Many UAE businesses - domestic and foreign - are repositioning themselves to be a part of UAE growth story.
Business owners are converting their sole establishment or partnership into an incorporated company. Foreign businesses are also opting to convert their UAE branch into a local company.
The licensing authorities treat such conversions as a change of ownership.
The same license number and license issue date - as mentioned on the earlier license – is continued on the license issued to the newly formed company. The custom authorities also update their records and allow the new entity to continue with the existing custom code.
The banks permit the new entity to use the existing bank accounts by updating their records instead of requiring a new bank account.
The Value Added Tax (VAT) compliance for such conversions are however resulting in a Catch-22 situation for businesses.
For conversions post January 1, 2018, businesses are being advised to deregister the existing tax registration number (TRN) and separately register the newly formed company.
Administrative penalties are attracted for the delay in submitting the de-registration application as also the new registration application.
The concept of separate VAT registration and inability to continue under the existing VAT TRN - despite the same license number - could result in unintended financial implications.
Such conversions essentially involve transfer of an ongoing business in exchange for the shares of the newly formed company. It is often assumed that such a conversion is outside the scope of VAT as a Transfer of Going Concern (TOGC). Such VAT-free treatment mandates that the transferee should be either VAT registered or has applied for VAT registration.

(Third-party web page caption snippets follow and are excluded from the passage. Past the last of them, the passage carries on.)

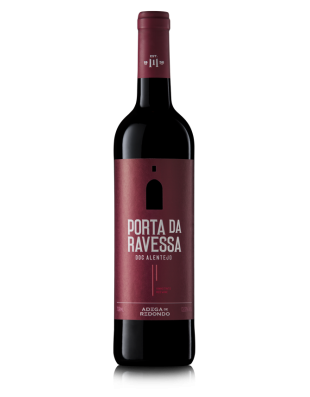 Porta da Ravessa Vinho Tinto DOC 0,75 Lt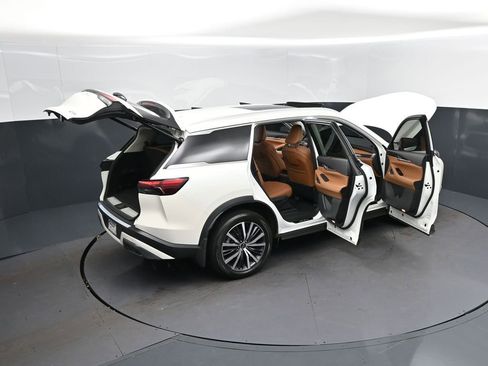Certified 2023 INFINITI QX60 Sensory w/ Vision Package AWD/4WD image 51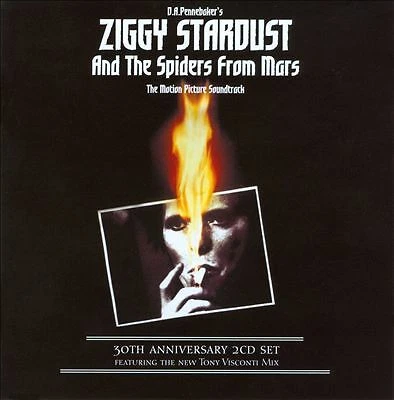 David Bowie : Ziggy Stardust and the Spiders from Mars: The Motion Picture - Image 1 of 1
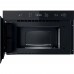 Мікрохвильова піч Whirlpool MBNA900B вбудована, 22л, електронне упр., 750Вт, дисплей, чорний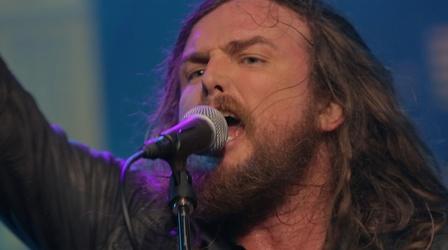 Video thumbnail: Austin City Limits Behind the Scenes: J. Roddy Walston & The Business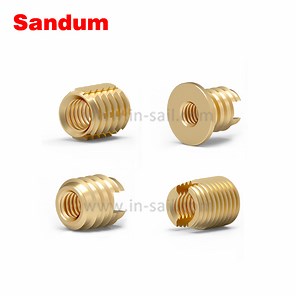 [Hot Item] Self Tapping Internal and External Threaded Inserts M6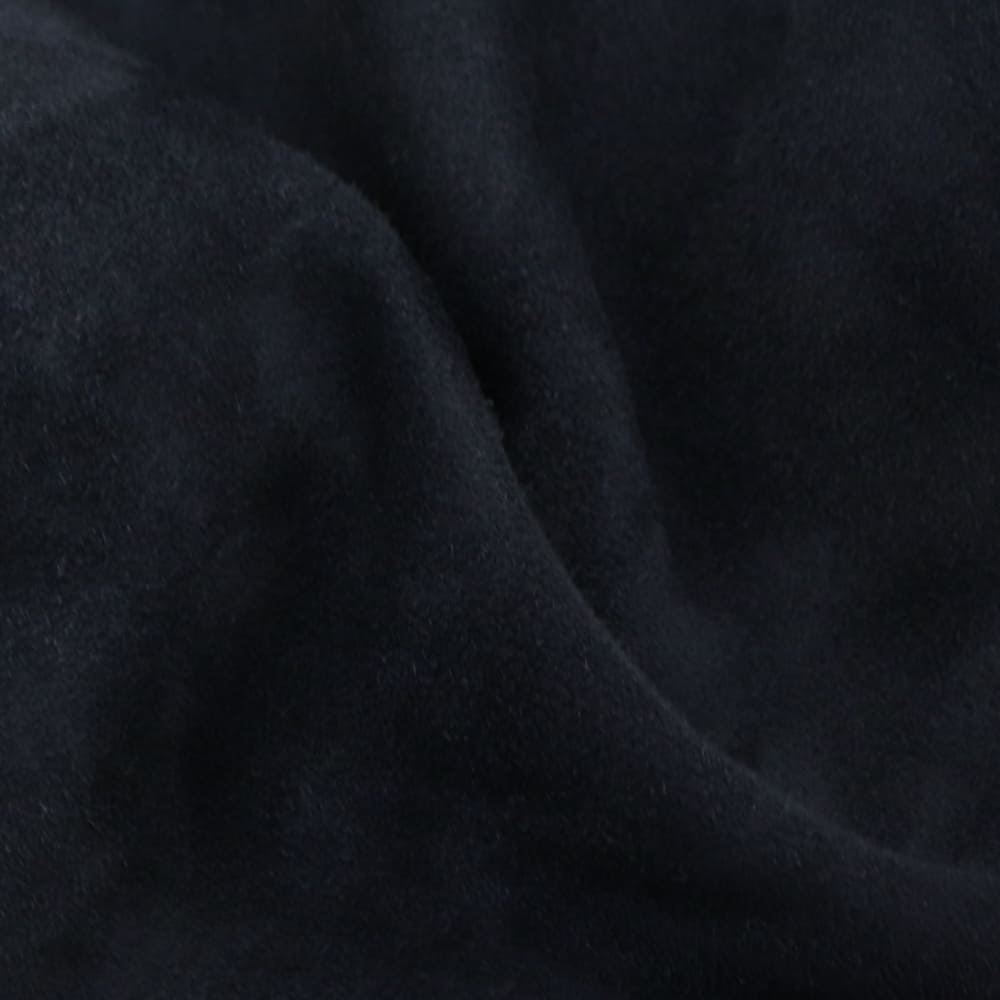 エンメティ ブルゾン メンズ 0.5mm厚 スペシャル ラムスエード A-1型ブルゾン ガス EMMETI GUS EMT LANA SP LAMB SKIN SUEDE TYPE A-1 BLU NIGHT1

When a licensing authority approves a conversion, the transferee - i.e., the new company - is formed instantaneously. Such newly formed transferee could neither be VAT registered nor apply for VAT registration at the time of conversion/business transfer.
Even if a company is incorporated beforehand, it cannot demonstrate intention to do business required for VAT registration without a business license, let alone meeting the expense/turnover thresholds.
The separate VAT registration requirement could thus trigger a massive VAT liability on the value of the businesses so converted and corresponding penalty arrears.
Till a new TRN is obtained, a question arises if the business should stop charging VAT on the on-going supplies? And if tax invoices are issued under the earlier TRN, can the recipient recover input credit on such tax invoices?
The inability to use the accumulated VAT credit by the newly formed company further creates a working capital strain as the erstwhile entity alone could initiate a VAT refund process.
Import VAT reporting requires the existing custom code to be first delinked from earlier TRN and then linked to the new TRN. The time elapsed in the process results in the auto-population of the import data in the VAT returns of the erstwhile entity which has technically ceased to exist.
The tax records on Emaratax contains a profile of the taxable person, including the ‘entity type’ such as sole establishment, partnership, branch of a foreign business, UAE private company etc. The conversion entails a change in the ‘entity type’.
Presently, ‘Public Joint Stock Company’ and ‘UAE Private Company’ are two distinct categories of ‘entity type’. Private companies - aiming to tap the growing UAE financial markets - needs to examine if they would be required to deregister from VAT upon conversion into a public joint stock company.
If yes, can the company recover input credit on the expenses incurred relating to the public issue under the existing TRN?
VAT is a tax on the supplies/imports of goods and services, and not on an entity’s income. A change in an entity’s type does not impact the VAT implications on such supplies. However, corporate tax is a tax on an entity’s income. Each ‘entity type’ will have distinct corporate tax implications.
In September 2024, Emaratax introduced a feature to change the ‘entity type’ in the tax records. Businesses welcomed the feature as a pragmatic step to maintain business continuity under the existing tax registration number (TRN).
It appears that the feature is presently intended only to correct historic data errors, if any.
A similar feature requiring the erstwhile entity to submit a corporate tax return up to the date of conversion and automatically generate a new corporate tax TRN could ensure corporate tax compliance.
Akin to the licensing authority and the custom authorities, the change in ‘entity type’ upon conversion could be treated as any other update of the tax records such as entity’s name, owners’ details, addition/deletion of branch etc.
Allowing businesses to continue under the same VAT TRN would significantly facilitate the business operations and mitigate potential VAT liabilities on the transfer of business.